História(s) do Cinema (1988–1998), de Jean-Luc Godard

Billy Joy Vargas
4 min readMay 21, 2021

A primeira reação que tive ao saber que Godard fez um documentário sobre história do cinema foi de estranhamento. Mesmo sendo um notório cinéfilo, não parecia casar a ideia de um cineasta de estilo progressivamente experimental e transgressor com a de um relato cinematográfico da história da sétima arte. Então, nos primeiros minutos de documentário, pude atestar o que deveria ser óbvio: Godard não fez um documentário propriamente sobre a história do cinema, e sim sobre histórias de cinema. A ideia aqui é de uma ode à sua multiplicidade. Histórias, com um “s”, como ressalta.

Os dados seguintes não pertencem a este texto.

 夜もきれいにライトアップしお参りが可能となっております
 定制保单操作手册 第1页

Histórias do cinema, histórias de cinema

A grande força do filme se dá na relação do cinema com o que não é propriamente cinematográfico. Godard expande assim o seu conceito de cinema múltiplo para além da película. Se toda história já feita é essencialmente uma história sobre humanos, as histórias de cinema também são. Falar de história do cinema é também falar de história das guerras, como muitos teóricos defendem, e Godard não se furta disso. O filme trabalha muito bem essa relação que se retroalimenta: enquanto as guerras moldaram o cinema como indústria e arte, o próprio cinema, por sua vez, molda a visão do público a respeito dos conflitos.
Godard aborda isso ao misturar, sem qualquer distinção, registros jornalísticos de guerra com obras de ficção. Registros de devastação e morte da guerra documentada são sobrepostos a planos cinematográficos. O neorrealismo italiano, que notoriamente influenciou a fase nouvelle vague de Godard, recebe especial atenção numa espécie de homenagem ensaística do diretor.

Histoire(s) du Cinèma: A pintura e o registro histórico sob a ótica de um cinéfilo

Mas além de ser ente importante naquilo que é histórico, o cinema também recebe influências de todas as outras artes, e aqui Godard dá um enfoque particular à pintura. A expressividade dos olhares e os pequenos detalhes de grandes quadros são abordados sob o ponto de vista da mise em scène cinematográfica. Evidentemente, o diretor não faz isso de modo didático e direto. Há toda uma ambiguidade que é preservada na relação entre essas artes, por meio da sobreposição de imagens e uma narração em off bastante lírica, que nos dá pistas de alguns sentimentos, mas que nunca se fecha em si mesma.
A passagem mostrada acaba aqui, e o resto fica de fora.